10. “Some Gallo-British Goddesses: Iconography and Meaning.” Since early written accounts of Celtic religion are contaminated by Greco-Roman assumptions, Miranda J. Green (University of Wales College) concentrates on the archaeological evidence. Before Roman times representations of divinities were not anthropomorphic, and goddesses such as the horse-riding Epona appear to have been as important as gods. There was, as in early Greek religion, an important hunter-goddess and a symbiotic relationship between hunter and hunted. Sulis, the native goddess of the hot springs at modern Bath, later connected with the Roman Minerva, could cure as well as destroy. Green’s essay ends with an important reminder, which applies to every other essay in the book: in the absence of literary texts, it may never be possible fully to understand the nature of iron-age Gallo-British iconography.
I wish this book had existed ten years ago. It would have made the task of evaluating Gimbutas’ work much easier for those of us (i.e., most of us) who are not completely familiar with the wide range of materials and cultures she discusses.8 But now that this book does exist, it belongs in all university libraries. It not only offers an antidote to goddess-theory; it provides readers with the specific data they need to see why there are many other possible interpretations of the available evidence. Because the Editors and contributors have demonstrated so successfully the danger of trying to go beyond such limited evidence as we now have, no one can be disappointed at their reluctance to come up with final interpretations, or (goddesses forbid) a comprehensive theory.

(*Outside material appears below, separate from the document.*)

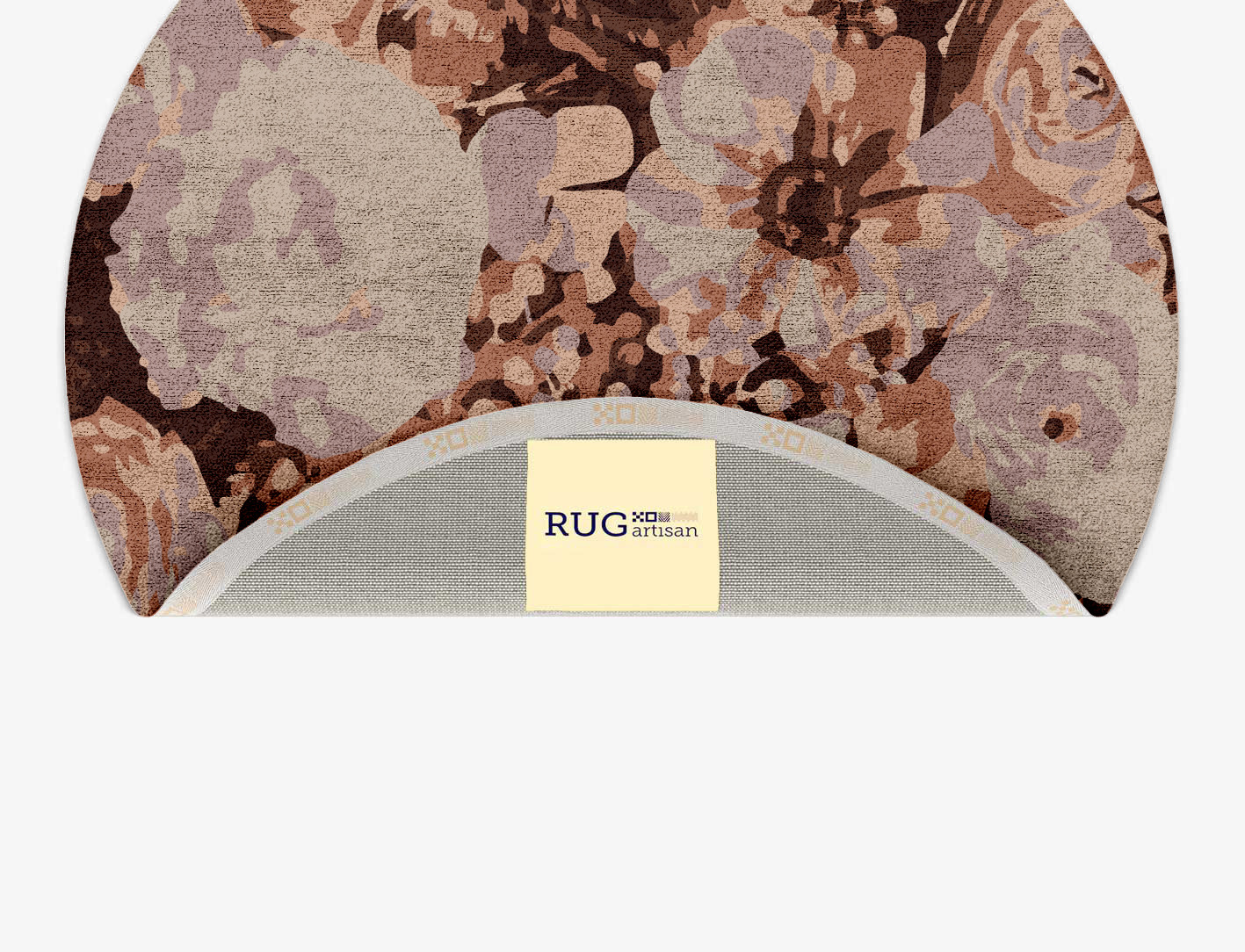 Impasto Floral Round Hand Tufted Bamboo Silk Custom Rug by Rug Artisan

1. Marija Gimbutas, The Language of the Goddess (San Francisco: Harper and Row, 1989).
2. On Wicca and modern witchcraft, see T. M. Luhrmann, Persuasions of the Witch’s Craft: Ritual and Magic in Contemporary England (Cambridge, MA: Harvard University Press, 1989); Helen A. Berger, A Community of Witches: Contemporary Neo-Paganism and Witchcraft in the United States (Columbia: University of South Carolina Press, 1998).
3. For details, see esp. Lotte Motz, The Faces of the Goddess (New York: Oxford University Press, 1997) 24-38, 179-86; Philip G. Davis, Goddess Unmasked: The Rise of Neopagan Feminist Spirituality (Dallas: Spence Publishing Co., 1998), pp. 19-52.
4. Joseph Campbell, “Foreword”, to Gimbutas (n.1), pp. xiii-xiv. Lucy Goodison’s own Moving Heaven and Earth: Sexuality, Spirituality, and Social Change (London: Pandora Press, 1992) advocates spiritual renewal, but she carefully explains that there was never one Goddess, pp. 294-300.
5. The editors might also have mentioned the influential speculations of Robert Graves in The White Goddess, first published in 1948 and still in print.
6. On the uncritical enthusiasm with which some female academics received Lerner’s The Creation of Patriarchy (New York: Oxford University Press, 1986), see my “Feminist Myths and Greek Mythology”, TLS July 22-28 (1989), pp. 804-5.
7. On the fate of this cult, see Peter Schäfer, Judeophobia: Attitudes toward Jews in the Ancient World (Cambridge, MA: Harvard University Press, 1997), pp. 122-35.
8. I reviewed Gimbutas (n.1) and several other books about the Goddess and goddesses in “The Twilight of the Goddess,” The New Republic 8/3 (1992): 29-33.